How Can the Infinite Product of (1+n^-2) Be Bounded?

[SumThePrimes]

I was wondering about the product n=1 to infinity of (1+n^-2) , I used a very unorthodox, to say the least, manipulation of complex numbers that shows that it should equal a particular number larger than 10^17 , however wolfram alpha can't seem to give me a answer, and when I sum to very large numbers, I never get over 4, although this maybe due to rounding errors. I would like any significant bounds on it whatsoever, I know it is greater than three and I know that it does converge... I was thinking of comparing it to series larger or smaller and then bounding it from above or below, but that's obvious, I think... I thought about a partial sum formula with a limit, I got 2(n!) in the denominator and in the numerator I was clueless, again wolfram alpha gave a crazy formula for the mth partial sum, I don't understand that. I assume I am wrong as 10^17 is so large for this series, but would like to be sure; or have a chance.

 

[l'Hôpital]

http://en.wikipedia.org/wiki/Infinite_product#Product_representations_of_functions

Look at the one for sine.
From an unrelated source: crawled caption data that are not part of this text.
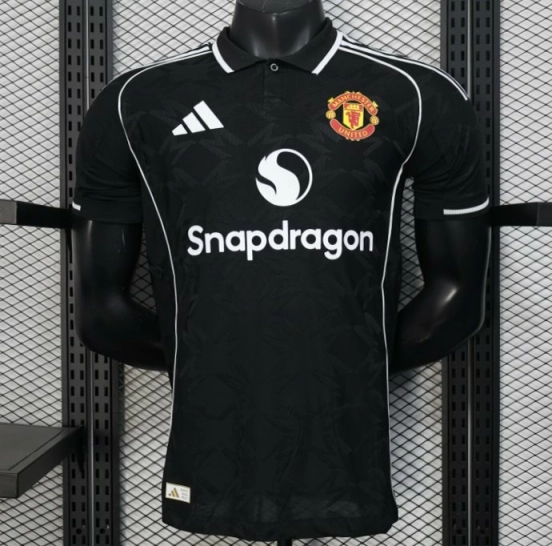 Player Version 25/26 Manchester United Black with Snapdragon Logo Design Jersey
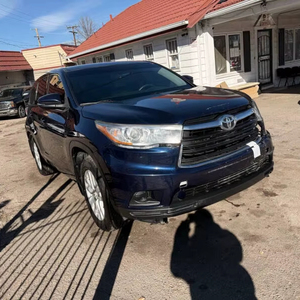 Auto Usado Económico Toyota Highlander LE 2016 con Volante a la Izquierda - Product Image 1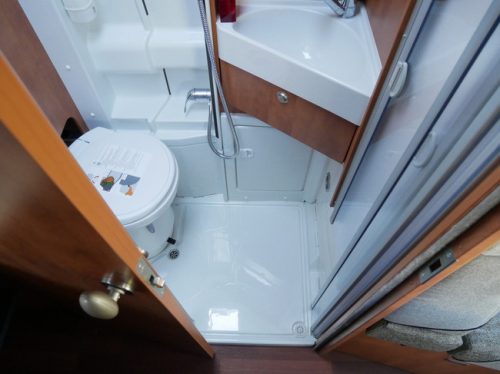 Carthago Malibu Van 600, 6 Meter Kastenwagen, Gro&szlig;es Bett!! Foto: 15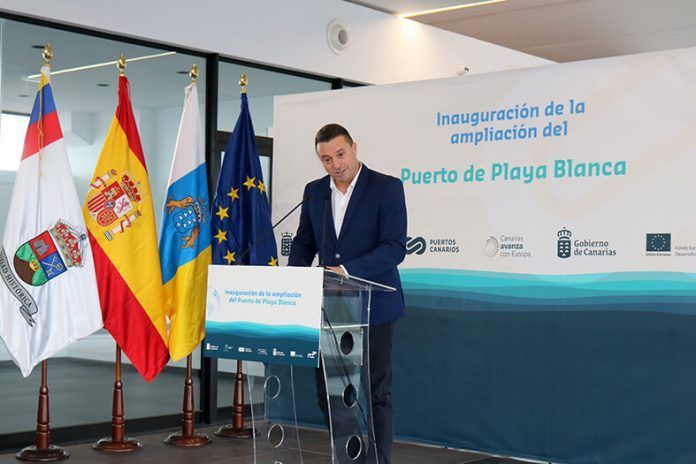 Noticias Yaiza | Playa Blanca estrena un nuevo puerto más accesible, seguro y sostenible
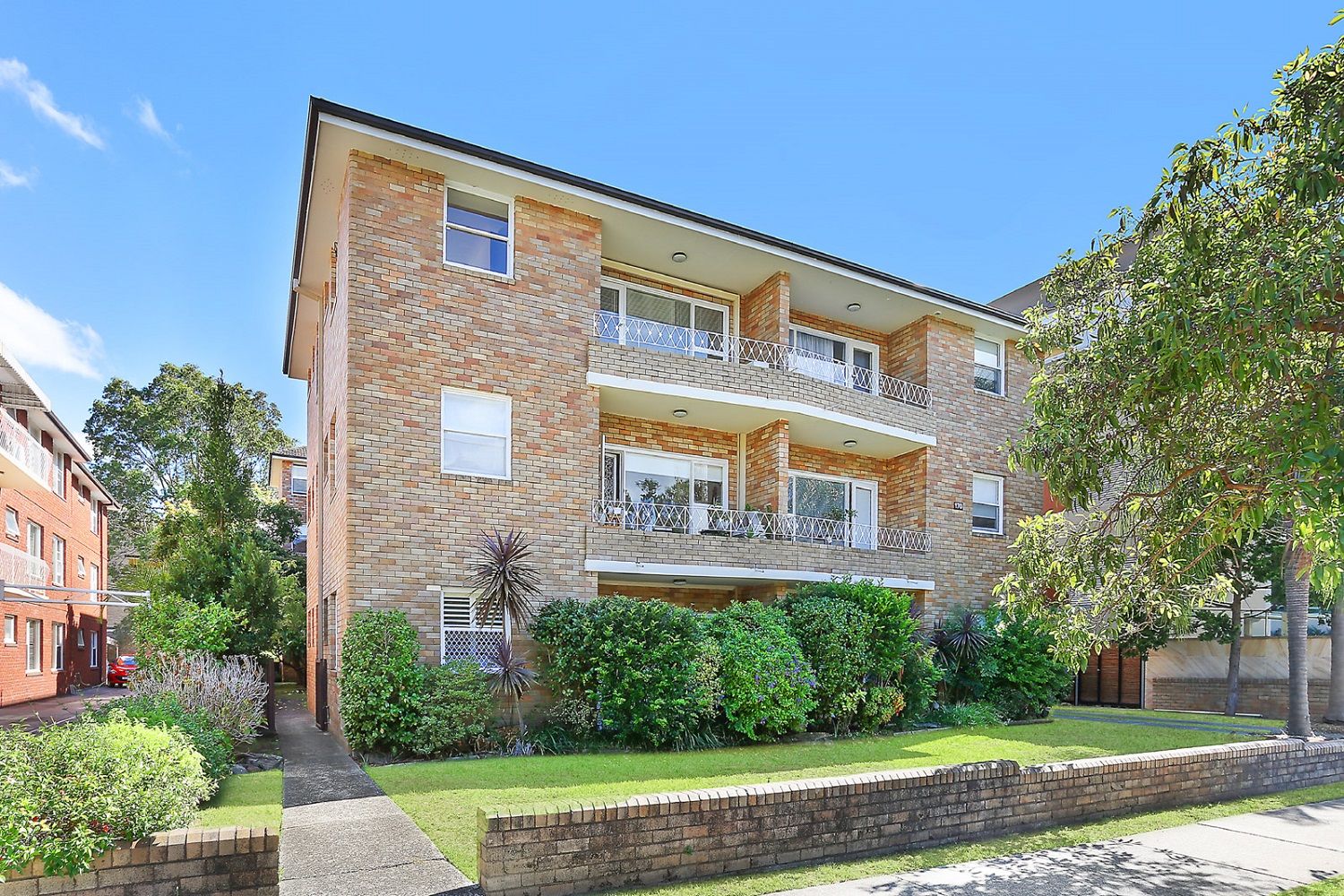 3 bedrooms Apartment / Unit / Flat in 12/170 Russell Avenue DOLLS POINT NSW, 2219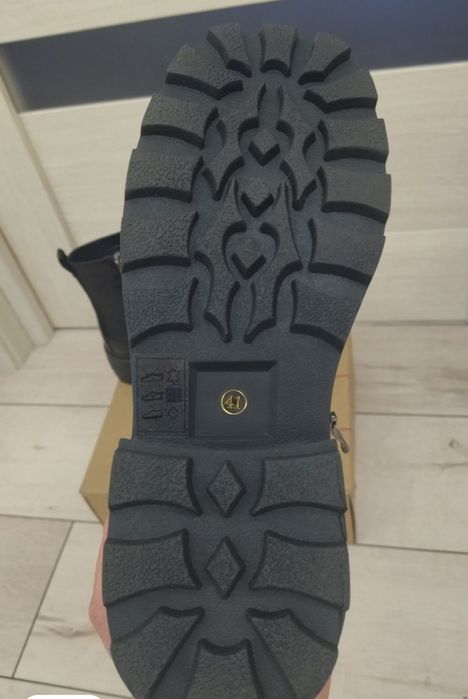 Черевики шкіряні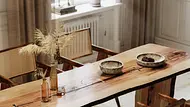 Holztisch ölen - mit den richtigen Ölen geht es richtig leicht! - Foto: iStock/ alvarez Holztisch ölen - mit den richtigen Ölen geht es richtig leicht! - Foto: iStock/ alvarez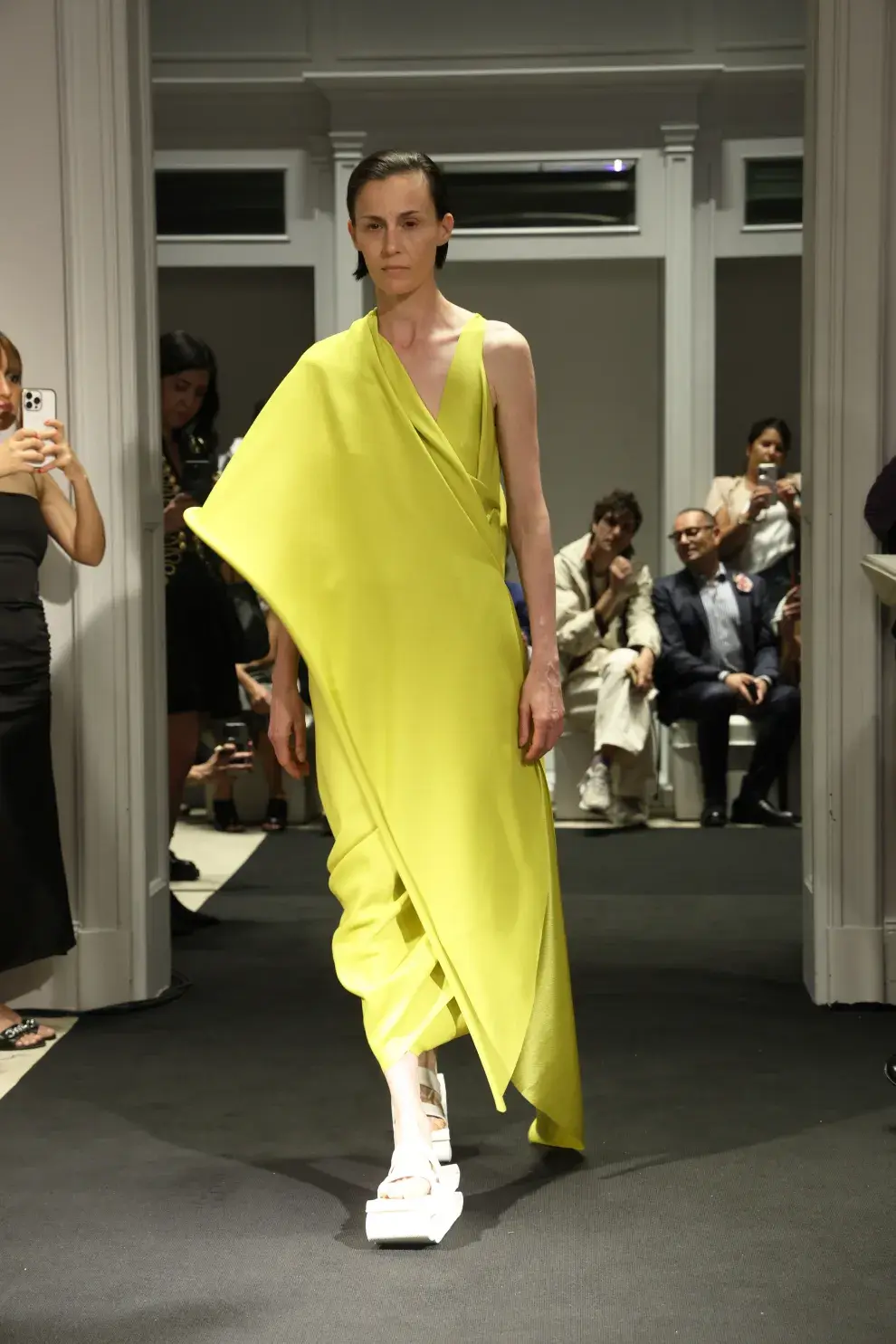 Si bien la paleta de colores destacó por los tonos sobrios como grises, ocres y blanco; también aparecieron destellos vibrantes que son tan característicos de la estética de Min.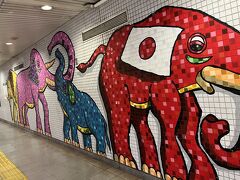 　蹴上駅下車。なんてカラフルな象さん。目を惹きます。そうか、動物園があるのね。楽しい気分を盛り上げてくれますね。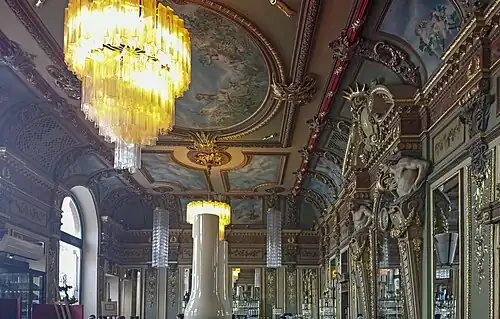 Le décor intérieur inscrit aux monuments historiques en 1975.
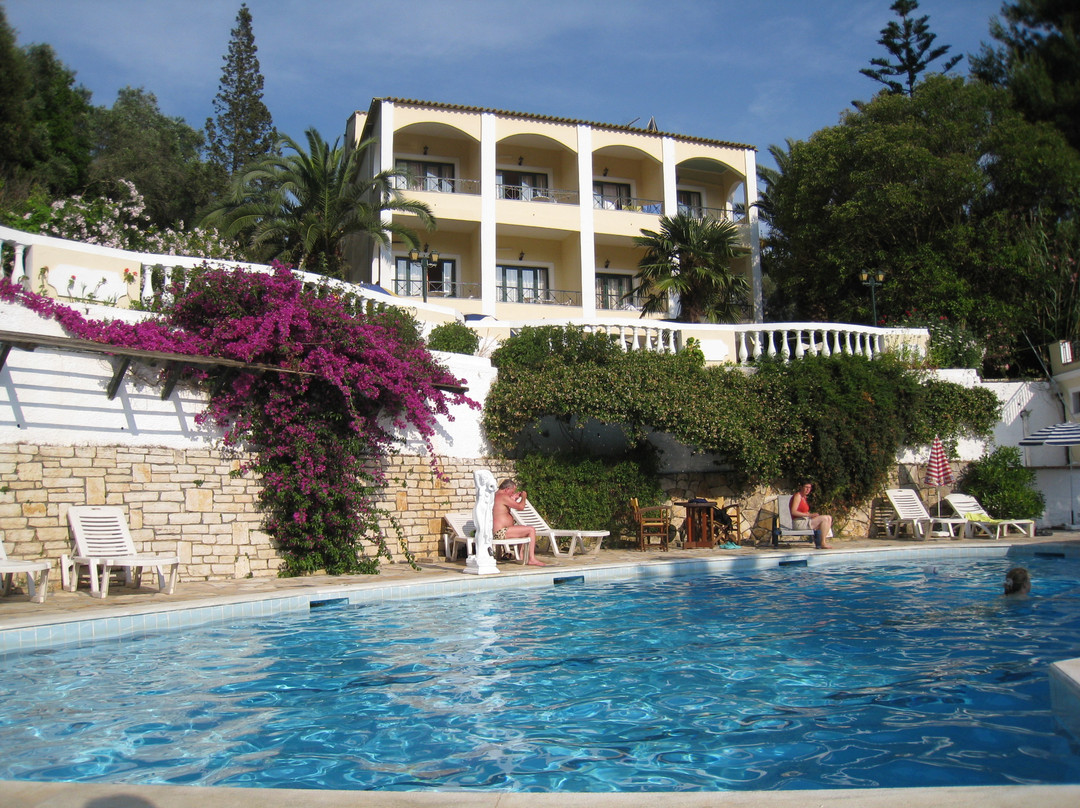 Doukades酒店住宿-Liapades Beach Hotel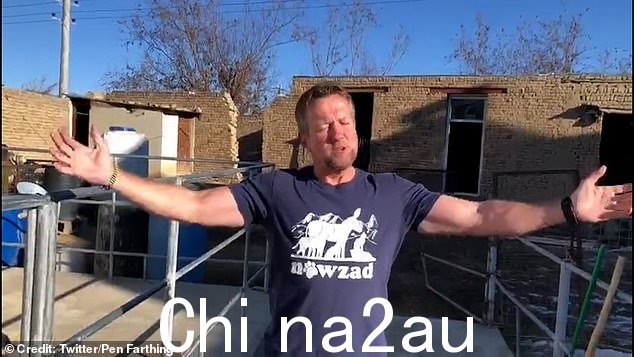 Pen Farthing 向他的 Twitter 关注者展示阿富汗的 Nowzad 驴保护区,2023 年 1 月 6 日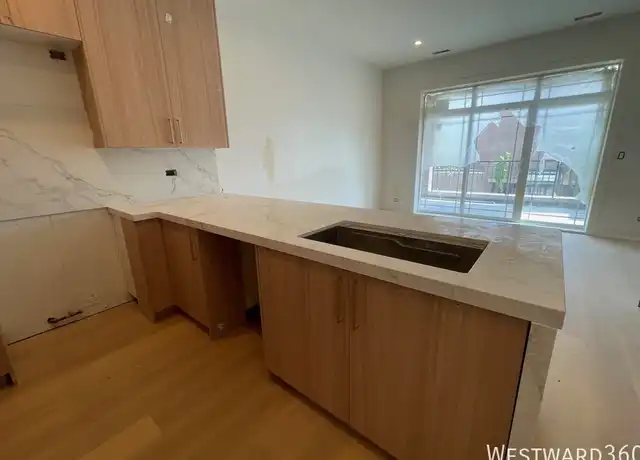 Property at 2040 W Washington Blvd Unit 3, Chicago, IL, 60612, 2 beds, 2 baths, [object Object]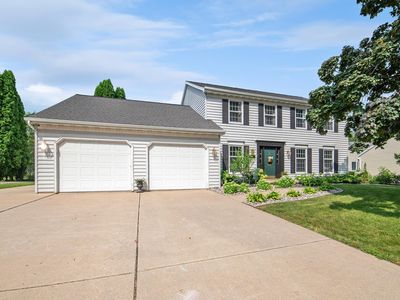 540 W Briar Ln, Green Bay, WI, 54301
What happens if you plug in z = i?

 

[SumThePrimes]

Wow, thank you, I am acquainted with the sines of imaginary numbers and that formula, but it never even crossed my mind... So much for e^(4*pi^2)-1 ... I wouldn't have thought an exact solution... Maybe Euler is better at infinite products than me(Just maybe... ), I actually got this from a self-derived product ... It still has merit if it converges everywhere I guess... Better than my last one that only registered ∞ or 0... so close...